Opinion
Chinese Privilege and Chinese Fragility in Singapore
The issue of “Chinese privilege” and whether or not it exists has generated some serious debate in recent months. As minorities among us share their lived experience of racism in day-to-day Singapore, some have become defensive and even angry.
Some (such as our Prime Minister), even blamed social media for making things worse. But why are we blaming a platform when we should be addressing the underlying issues?
As the saying goes – Don’t shoot the messenger. But yet, this is precisely what some Singaporeans and politicians have done.
In her seminal book entitled “White Fragility”, renowned academic and educator Robin DiAngelo coined the term “white fragility” to describe white people who have a visceral discomfort (close to histrionics) when it comes to discussing racism.
Without really pausing to listen, their reactions are immediate and dismissive. They will insist that they “were taught to treat everyone the same,” that they are “colour-blind,” and they will point to friends and family members of colour. In other words, the ultra excessive defensiveness that white people will exhibit when their ideas about race and racism are challenged—and particularly when they feel implicated in white supremacy.
Sound familiar anyone?
While DiAngelo’s observations were done on white people, if you simply replace white people with Chinese people for the Singaporean context, the results are pretty much the same.
In recent years, a number of minorities have publicly spoken up about their own experiences with racism. These have ranged from former BBC journalist Sharanjit Leyl, a Singaporean Sikh of Indian descent who recounted on BBC series From Our Own Correspondent how she struggled to get hired at a local news broadcaster in Singapore two decades ago, to Sarah Bagharib, whose wedding photographs were ignorantly used to depict Hari Raya to sibling duo, Preetipls, who made a comeback video to the wholly inappropriate use of brownface in an epaysg advertisement.
In Ms Sharanjit’s case, her recollections were met with blanket denials.

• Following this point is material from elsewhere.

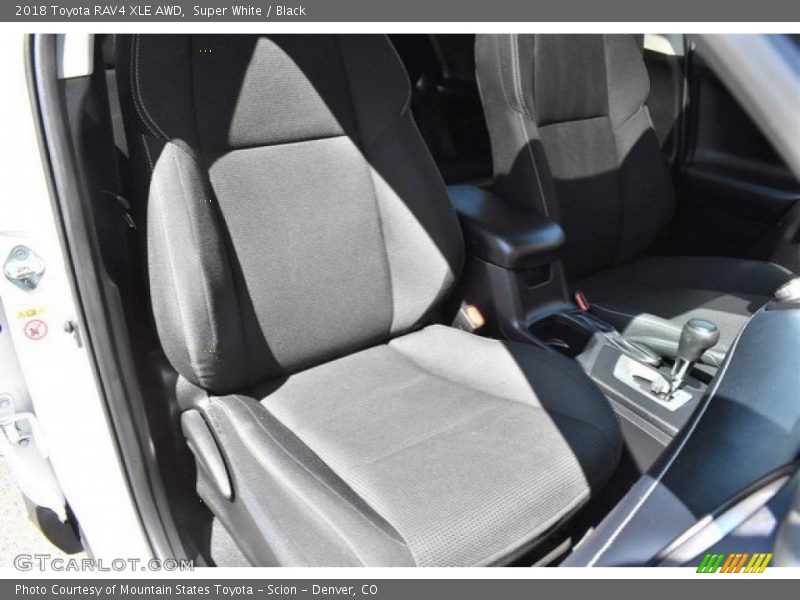 Super White / Black 2018 Toyota RAV4 XLE AWD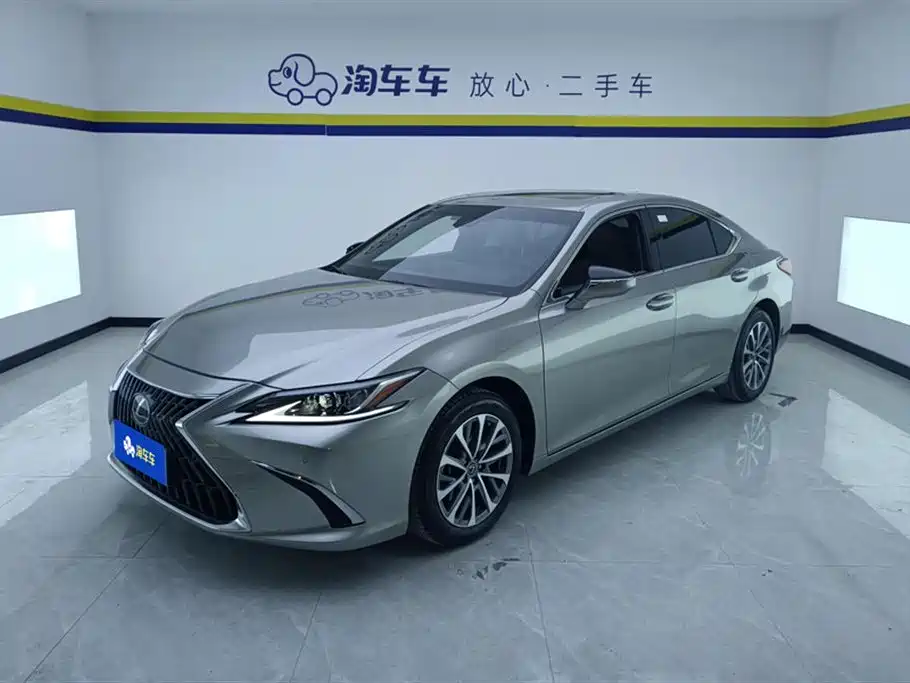 Lexus ES 2024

However, given Singapore’s obsession with skin colour, is her story really that unbelievable? Just look at the number of advertisements on skin lightening products in Singapore!
Yet instead of acknowledging Ms Sharanjit’s experience, Mediacorp tries to stonewall her with its absolute refusal to acknowledge that it could have happened. But why would Ms Sharanjit lie about this? She has gone on to have a successful media career in spite of the experience. There is simply no reason to fabricate this experience.
As for Ms Bagharib, the Peoples’ Association (PA) cancelled a minute unilaterally because Ms Bagharib had posted on social media asking for people with any grievances they wanted to be shared at the meeting to be sent to her. This cancellation was basically the removal of a forum where minority grievances could have been shared.
Just because we remove a forum does not mean that racism doesn’t exist. It just means we have silenced them with our refusal to acknowledge our own failures. Even the PA’s apology was reserved to an “oversight” as opposed to the careless ignorance that the majority have the privilege to display. In other words, we don’t have to care about the difference between Hari Raya or Malay weddings because we are the majority.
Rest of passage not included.